- Opening Delimiter -

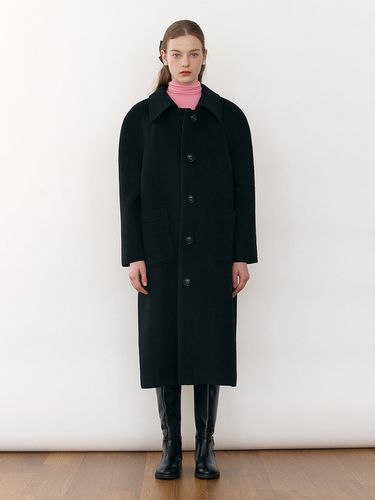 Wool Single Coat (Black) - ROLAROLA - Modalova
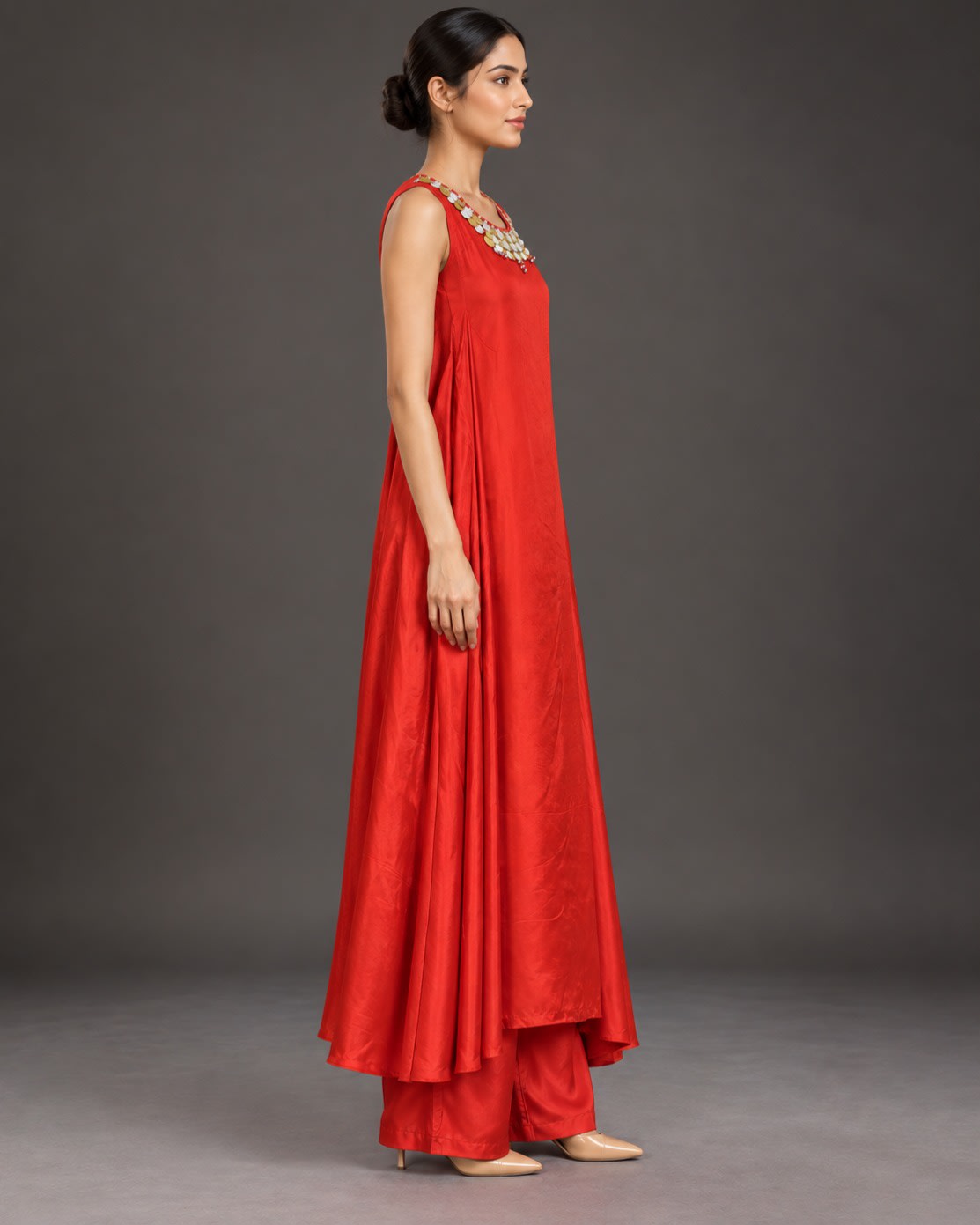 Vermilion Draped Longline Set view 3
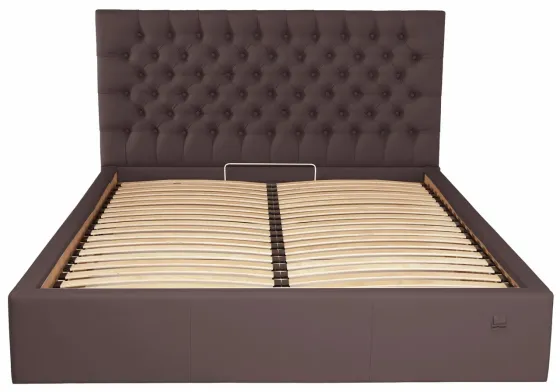 Кровать Cambridge Comfort 120 х 190 см Fly 2231 С подъемным механизмом и нишей для белья Темно-коричневый Киев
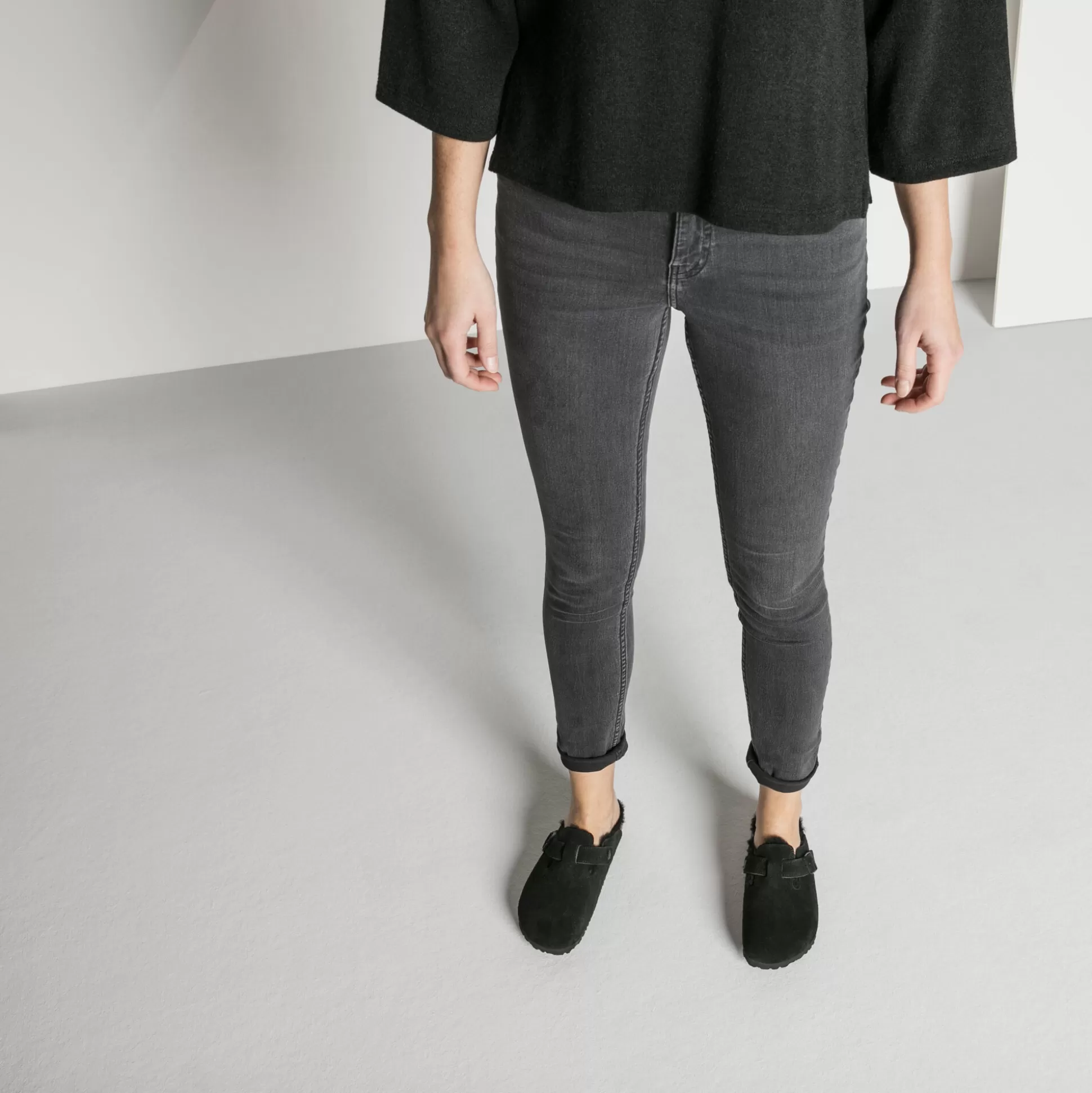 Birkenstock Boston Lammeskind^Damer Clogs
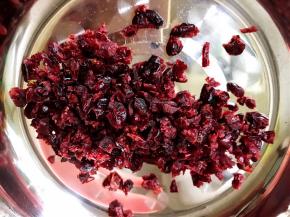 蔓越莓干切碎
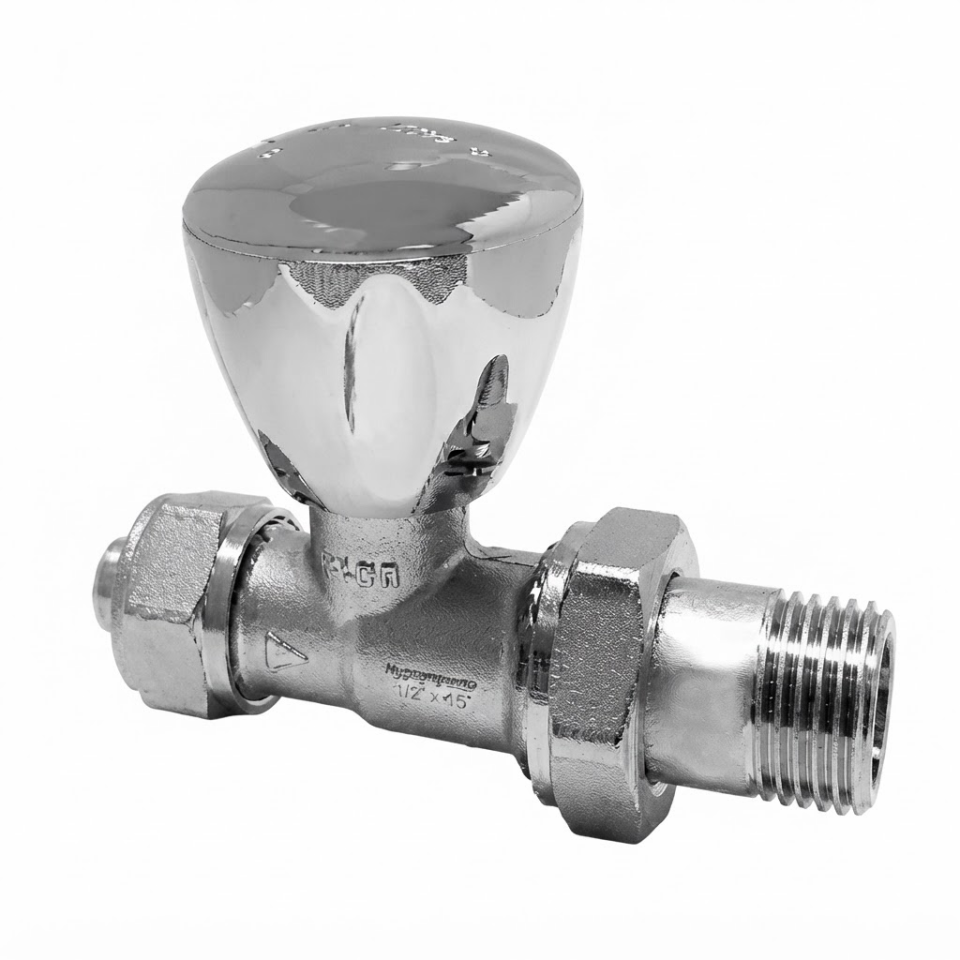 RADYATOR VALFI PEX DUZ 1/2 RV3 KROM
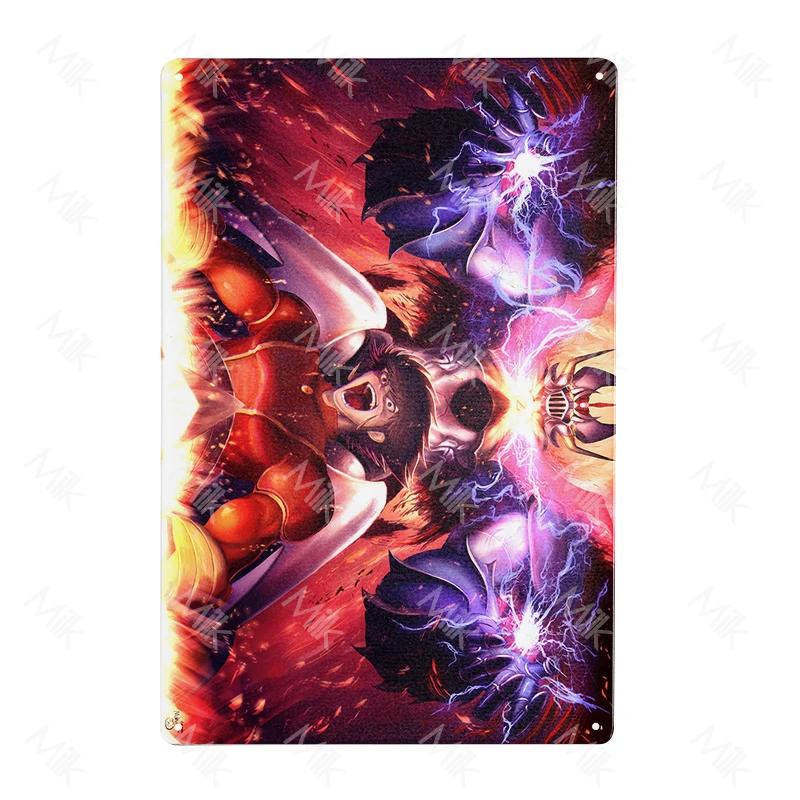 Anime Goldrake Goldorak Mazinger Z Metal Tin Sign Rectangle UFO Robot Grendizer Signs Plaque Bar Cafe Bedroom Wall Art Decor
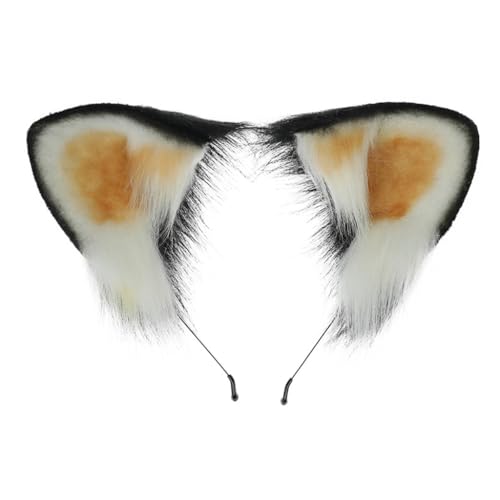 Vdaxvme Lesser Panda Ohr Stirnband Studenten Karneval Anime Charakter Haarband Tier Ohr Stirnband Weihnachten Plüsch Haarreifen von Vdaxvme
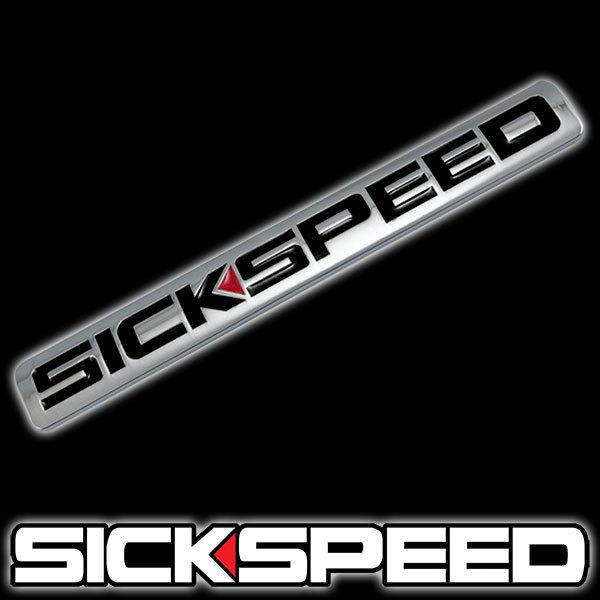 Chrome/black metal sickspeed engine race motor swap badge for trunk hood door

- Closing Delimiter -

◆ **Your task**
Transcribe every record above exactly as written, leaving out any pictures.

◆ **Response area**
 Wool Single Coat (Black) - ROLAROLA - Modalova
 Vermilion Draped Longline Set view 3
 Кровать Cambridge Comfort 120 х 190 см Fly 2231 С подъемным механизмом и нишей для белья Темно-коричневый Киев
 Birkenstock Boston Lammeskind^Damer Clogs
 蔓越莓干切碎
 RADYATOR VALFI PEX DUZ 1/2 RV3 KROM
 Anime Goldrake Goldorak Mazinger Z Metal Tin Sign Rectangle UFO Robot Grendizer Signs Plaque Bar Cafe Bedroom Wall Art Decor
 Vdaxvme Lesser Panda Ohr Stirnband Studenten Karneval Anime Charakter Haarband Tier Ohr Stirnband Weihnachten Plüsch Haarreifen von Vdaxvme
 Chrome/black metal sickspeed engine race motor swap badge for trunk hood door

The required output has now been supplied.